Empress who hast the fertile stars in fee,
And toiling worlds to serve thy dread desire!
Who guard'st thine empery,
In deep on sullen deep,
With watchful suns of infatiguéd fire!
Not with the Lesbian lyre
I sing, and not of easeful love and sleep--
Of arms and breasts that tire,
In brief, ecstatic throes,
On bed of shattered rose;
And not as they that worshipped thee of old,
I call on thine incomparable name,
And with no blasphemies of praise or blame:
Before thy hidden throne,
And thy veiled face, impassable, I hold
This iron harp of stridors manifold,--
And telling thy termless fame,
In strophes durable as graven stone,
And loud as stricken gold!
In a letter to his mentor George Sterling*, CAS expressed his dissatisfaction with this ode:
I've written almost nothing. I began an "Ode to Aphrodite", but gave it up as being too conventional. I'm sick of the old subjects, the old images. They've been mauled, and thumbed, and slobbered over by so many million poets. Even blasphemy is trite,--God is a cliché.
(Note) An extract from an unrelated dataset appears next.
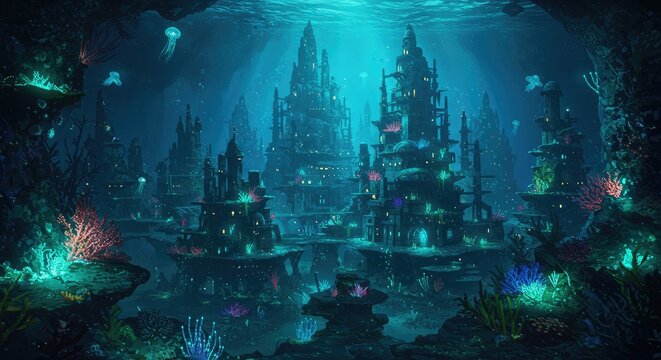 Underwater fantasy cityscape with glowing plants.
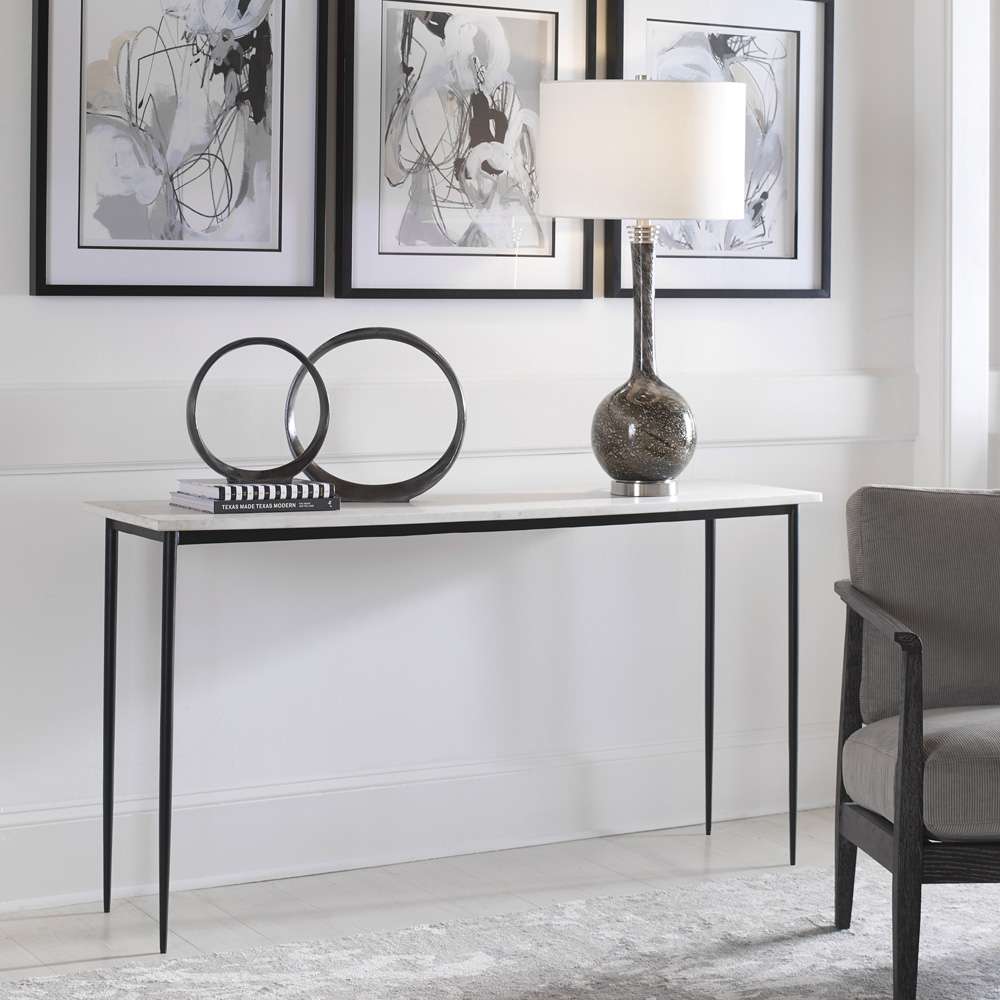 Uttermost - Nightfall White Marble Console Table - 25173 veiw 2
Although his statement to Sterling bespeaks a period of frustration, it's hard to argue with CAS' analysis of "Ode to Aphrodite", which feels rather uninspired. In general, I have not much warmed to those odes from CAS that I have read so far, given the rather stiff nature of the form, and "Ode to Aphrodite" simply reinforces that response.
*See letter #230 in The Shadow of the Unattained: The Letters of George Sterling and Clark Ashton Smith published by Hippocampus Press.